Nanoscale 13, 13617-13623 (2021)

Benchmarking atomically defined AFM tips for chemical-selective imaging

Bertram Schulze Lammers^1,2, Damla Yesilpinar^1,2, Alexander Timmer², Zhixin Hu^3,*, Wei Ji⁴, Saeed Amirjalayer^1,2,5, Harald Fuchs^1,2 and Harry Mönig^1,2,*

1 Physikalisches Institut, Westfälische Wilhelms-Universität, 48149 Münster, Germany
E-mail: harry.moenig@uni-muenster.de

2 Center for Nanotechnology, 48149 Münster, Germany

3 Center for Quantum Joint Studies and Department of Physics, Tianjin University, Tianjin, China
E-mail: zhixin.hu@tju.edu.cn

4 Department of Physics and Beijing Key Laboratory of Optoelectronic Functional Materials & Micro-Nano Devices, Renmin University of China, Beijing, China

5 Center for Multiscale Theory and Computation, 48149 Münster, Germany

Abstract

Controlling the identity of the tip-terminating atom or molecule in low-temperature atomic force microscopy has led to ground breaking progress in surface chemistry and nanotechnology.
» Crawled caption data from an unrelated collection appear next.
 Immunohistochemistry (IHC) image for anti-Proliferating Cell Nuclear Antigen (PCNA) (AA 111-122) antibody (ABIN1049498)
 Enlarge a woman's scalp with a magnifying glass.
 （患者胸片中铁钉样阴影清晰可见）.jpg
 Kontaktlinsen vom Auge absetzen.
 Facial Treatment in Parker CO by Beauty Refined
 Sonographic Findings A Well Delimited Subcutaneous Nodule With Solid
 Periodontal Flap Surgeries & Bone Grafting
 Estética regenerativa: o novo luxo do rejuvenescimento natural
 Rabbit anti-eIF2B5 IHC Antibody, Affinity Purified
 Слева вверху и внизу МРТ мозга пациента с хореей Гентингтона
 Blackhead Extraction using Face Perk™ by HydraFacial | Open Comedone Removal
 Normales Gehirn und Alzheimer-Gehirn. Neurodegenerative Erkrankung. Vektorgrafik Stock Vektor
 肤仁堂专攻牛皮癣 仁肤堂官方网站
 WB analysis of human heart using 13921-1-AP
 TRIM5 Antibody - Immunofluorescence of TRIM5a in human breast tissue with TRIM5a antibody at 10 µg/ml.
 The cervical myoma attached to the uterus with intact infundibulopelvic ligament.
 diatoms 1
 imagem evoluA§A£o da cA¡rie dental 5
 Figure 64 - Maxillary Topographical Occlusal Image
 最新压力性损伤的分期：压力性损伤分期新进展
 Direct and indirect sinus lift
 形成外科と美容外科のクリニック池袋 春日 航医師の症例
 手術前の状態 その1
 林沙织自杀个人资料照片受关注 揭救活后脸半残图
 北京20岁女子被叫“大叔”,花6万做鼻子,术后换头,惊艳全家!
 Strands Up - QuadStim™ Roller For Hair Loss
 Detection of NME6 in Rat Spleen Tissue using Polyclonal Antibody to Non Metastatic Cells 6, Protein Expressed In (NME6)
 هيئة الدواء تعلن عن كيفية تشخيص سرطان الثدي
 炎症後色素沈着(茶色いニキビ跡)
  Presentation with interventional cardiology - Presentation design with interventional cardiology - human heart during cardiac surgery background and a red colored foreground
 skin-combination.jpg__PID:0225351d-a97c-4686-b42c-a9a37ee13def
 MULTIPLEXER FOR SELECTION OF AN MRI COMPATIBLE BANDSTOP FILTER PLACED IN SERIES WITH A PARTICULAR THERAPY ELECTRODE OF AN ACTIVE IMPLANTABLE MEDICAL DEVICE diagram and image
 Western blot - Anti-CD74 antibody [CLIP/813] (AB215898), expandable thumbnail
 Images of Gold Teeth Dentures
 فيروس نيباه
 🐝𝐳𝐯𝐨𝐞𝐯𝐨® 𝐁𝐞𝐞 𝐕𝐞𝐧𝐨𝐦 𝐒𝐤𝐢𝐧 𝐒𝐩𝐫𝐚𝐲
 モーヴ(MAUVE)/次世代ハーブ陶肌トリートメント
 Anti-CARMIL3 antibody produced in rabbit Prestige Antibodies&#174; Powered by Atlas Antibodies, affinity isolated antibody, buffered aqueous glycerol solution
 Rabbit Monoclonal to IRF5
Lacking a comparative tip-performance assessment, a profound standardization in such experiments is highly desirable. Here we directly compare the imaging and force-spectroscopy capabilities of four atomically defined tips, namely Cu-, Xe-, CO-, and O-terminated Cu-tips (CuOx-tips). Using a nanostructured copper-oxide surface as benchmark system, we found that Cu-tips react with surface oxygen, while chemically inert Xe- and CO-tips allow entering the repulsive force regime enabling increased resolution. However, their high flexibility leads to imaging artifacts and their strong passivation suppresses the chemical contrast. The higher rigidity and selectively increased chemical reactivity of CuOx-tips prevent tip-bending artifacts and generate a distinct chemical contrast. This result is particularly promising in view of future studies on other metal–oxide surfaces.